Duryea swung around, elevating one knee to the cushion of the seat so that he could see Gramps to better advantage. “By George,” he said, “you may have something there!”

“You’re ring-ding-tootin’ I’ve got somethin’ there,” Gramps said, “an’ remember that at that time the shades were all drawn. When the body was discovered, the shades were all up an’ the light was burnin’.”

“The murderer could have waited until Sonders and True drove off, then lit the lamp and raised the curtains.”

“Nope,” Gramps said. “The lamp shows that it was lit right around three o’clock. That lamp ain’t doin’ any lyin’... I tell you the murderer made two trips to that cabin... Now, take a look at that suicide note. The printin’ on it was cut from a newspaper that didn’t get to Petrie until after nine o’clock in the evenin’. That suicide note took a little thought to work out — an’ a little time... Not much thought an’ not too much time, but some.”

“What are you getting at?” Lassen asked.

“That there suicide note was planted when the murderer made the second trip to the cabin. An’ somethin’ happened to frighten the murderer, so that he never stayed long enough to make the lamp burn right, an’ keep the chimney from smokin’... That was right about three o’clock in the mornin’. Now I’ll tell you what that somethin’ was. It was that girl, Eva Raymond, came out to try an’ use a little soft soap on Pressman an’ put in a good word for her boyfriend — with maybe a couple of good words for herself. She came up on the porch, saw the body, screamed, and ran pell-mell. That’s when she dropped her compact... It had to be that way. An’ the murderer had to be in there, right at that time.”

Duryea said in a crisp, businesslike tone: “All right, Gramps, let’s quit stalling. Where’s Eva Raymond?”

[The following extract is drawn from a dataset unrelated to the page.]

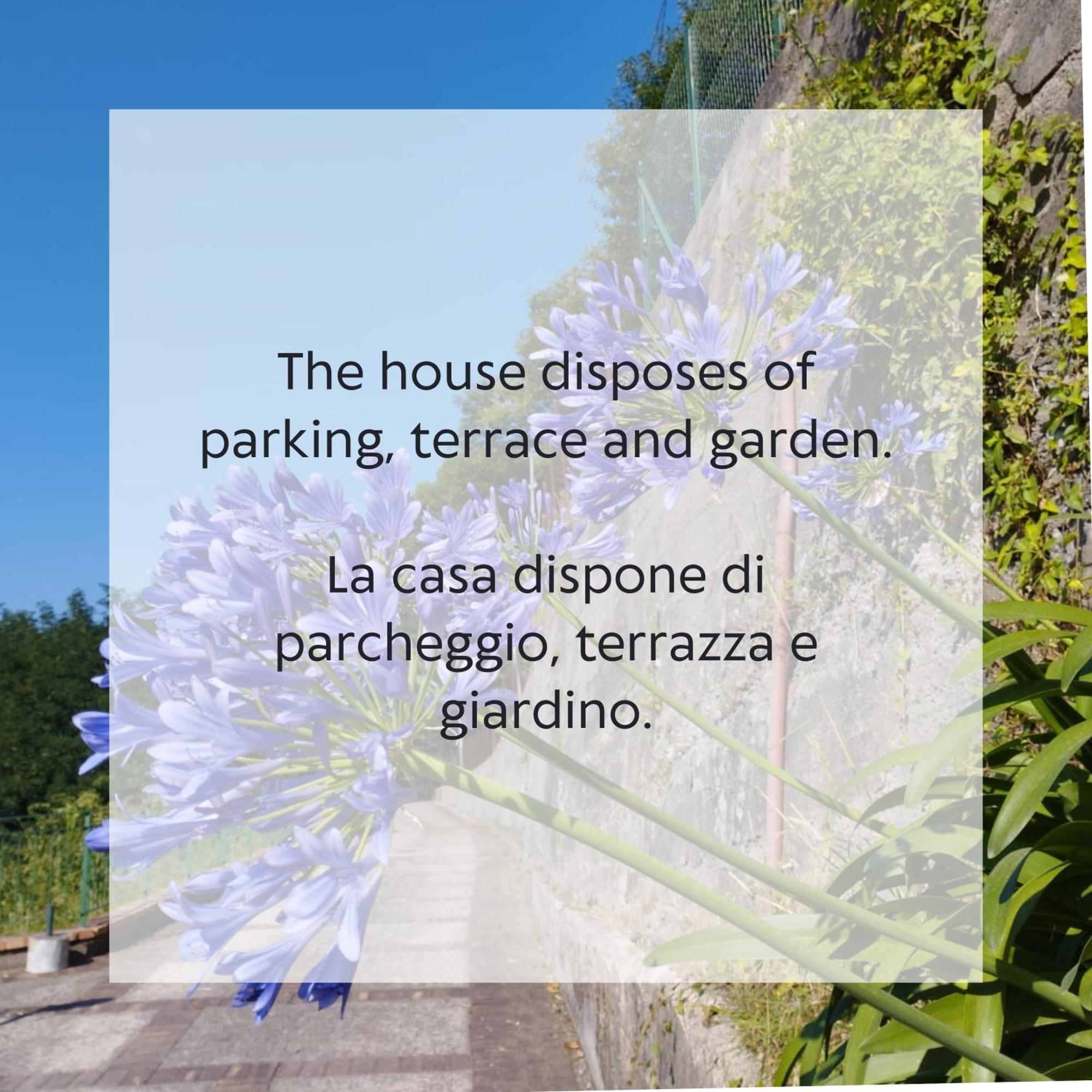 Villa Vicinus - 120 Mq - Parking - Garden Vietri Exterior foto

“She’s in that cabin,” Gramps said sheepishly. “I was sorta makin’ a little test.”

Duryea said: “Take the handcuffs off of him, Borden. All right, Pete, let’s get going... It’s a crackpot theory, but it might hold water.”

“Crackpot nothin’,” Gramps sputtered. “It’s logic, cold, hard, remorseless logic. You can’t get away from it in a hundred years, not in a million years... And I tell you somethin’ else. The only way you’ve got of makin’ that murderer betray himself is through this Eva Raymond. He ain’t sure but what she saw him through the open window. That’s the thing that’s scaring him stiff. He’s got his tracks all covered except for that one thing.”

“It would have simplified matters a lot if Eva Raymond had told me the truth,” Duryea said dryly.

Gramps rushed to her rescue. “Now you can’t be too hard on that little girl,” he said. “She’s had to make her own way in the world ever since—”

It was Milred’s bell-like laughter that interrupted him. “Remember what I told you,” she said to her husband. “In dealing with a male Wiggins, cherchez la femme.”